Closed regro-cf-autotick-bot closed 3 years ago
Hi! This is the friendly automated conda-forge-linting service.
I just wanted to let you know that I linted all conda-recipes in your PR (recipe
) and found it was in an excellent condition.
If I understand https://github.com/xianyi/OpenBLAS/pull/3102 correctly, 0001-Fix-gfortran-detection-for-ctng-based-cross-compiler.patch
shouldn't be necessary anymore, so I dropped it. Can of course be re-added if I'm overlooking something.
There's an error for osx-arm64:
In file included from getarch_2nd.c:7:
In file included from ./common.h:457:
./common_arm64.h:69:38: error: unknown register name 'x2' in asm
: "memory", "x2" , "x3", "x4"
^
1 error generated.
make: *** [Makefile.prebuild:74: getarch_2nd] Error 1
The code in question hasn't been touched in 5 years, but I believe think it might be due to https://github.com/xianyi/OpenBLAS/commit/34753eaebb8b2ddbc256e9e996c1fb315396a2a0. I'll try if reverting makes a difference.

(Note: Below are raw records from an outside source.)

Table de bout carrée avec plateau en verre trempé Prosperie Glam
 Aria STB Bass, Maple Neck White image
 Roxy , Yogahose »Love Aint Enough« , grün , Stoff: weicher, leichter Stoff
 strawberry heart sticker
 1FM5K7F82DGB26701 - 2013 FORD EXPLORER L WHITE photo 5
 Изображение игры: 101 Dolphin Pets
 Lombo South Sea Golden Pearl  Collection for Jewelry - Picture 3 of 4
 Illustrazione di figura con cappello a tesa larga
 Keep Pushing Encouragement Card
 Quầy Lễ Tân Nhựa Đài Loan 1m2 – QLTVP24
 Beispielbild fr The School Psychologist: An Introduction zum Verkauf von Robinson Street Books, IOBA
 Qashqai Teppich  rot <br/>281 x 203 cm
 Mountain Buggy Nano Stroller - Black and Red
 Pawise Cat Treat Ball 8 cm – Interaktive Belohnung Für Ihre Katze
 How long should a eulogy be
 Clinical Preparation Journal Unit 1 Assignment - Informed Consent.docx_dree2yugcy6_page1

Some segfaults on osx with openmp:
OMP_NUM_THREADS=2 ./xccblat1
OMP_NUM_THREADS=2 ./xscblat3 < sin3
Program received signal SIGSEGV: Segmentation fault - invalid memory reference.
Backtrace for this error:
TESTS OF THE REAL LEVEL 2 BLAS
@conda-forge/openblas Any ideas how to tackle the openmp segfaults on osx?
(Also, based on conda_build_config
, I'd expect 4 jobs for osx_64 like for linux, but we only get 2...)
Ping @conda-forge/openblas
@martin-frbg Do such segfaults on osx ring a bell for you?
Not immediately - but I realize now that OpenBLAS lacks. a CI job for osx in combination with OpenMP. (I do not have any Apple hardware locally). UPDATE: error not seen with gcc-10/gfortran-10 on Azure, still trying to get around the apparent lack of OpenMP support in AppleClang
Have now added a build with the homebrew llvm 11.1 and gfortran-10 to the OpenBLAS Azure config, and it passes.
@martin-frbg, is that with INTERFACE64=1
?
No - did not notice that detail. (Do not think anything changed lately with respect to that option though)
Yeah, it's weird. INTERFACE64=0
doesn't segfault and only INTERFACE64=1
does.
Reproduced on Azure, repeating with a DEBUG=1 build now to try and find out what&where
EDIT: inconclusive - could not redo the previous DYNAMIC_ARCH build as clang with -g
ran out of registers in some kernels.
Building for the host produced a Sandybridge kernel that did not segfault in any of the tests, while your build appears to have been for Haswell ?
Thanks for looking at this @martin-frbg!
Copying your edit here since those don't produce new pings and are therefore easy to overlook:
@martin-frbg: EDIT: inconclusive - could not redo the previous DYNAMIC_ARCH build as clang with
-g
ran out of registers in some kernels. Building for the host produced a Sandybridge kernel that did not segfault in any of the tests, while your build appears to have been for Haswell ?
Conda-forge usually goes for the lowest (reasonable) common denominator; in build.sh
you can see that the target for osx is TARGET="CORE2"
.
Retried with TARGET=CORE2 now and did not see any segfault either.
Perhaps if you could add DEBUG=1 to your build, this would provide a hint where to look ? I believe I am using the same base image for the Azure job, but most likely a different build of clang
@martin-frbg
I added DEBUG="1"
to the osx build, but now sure what I'm looking for...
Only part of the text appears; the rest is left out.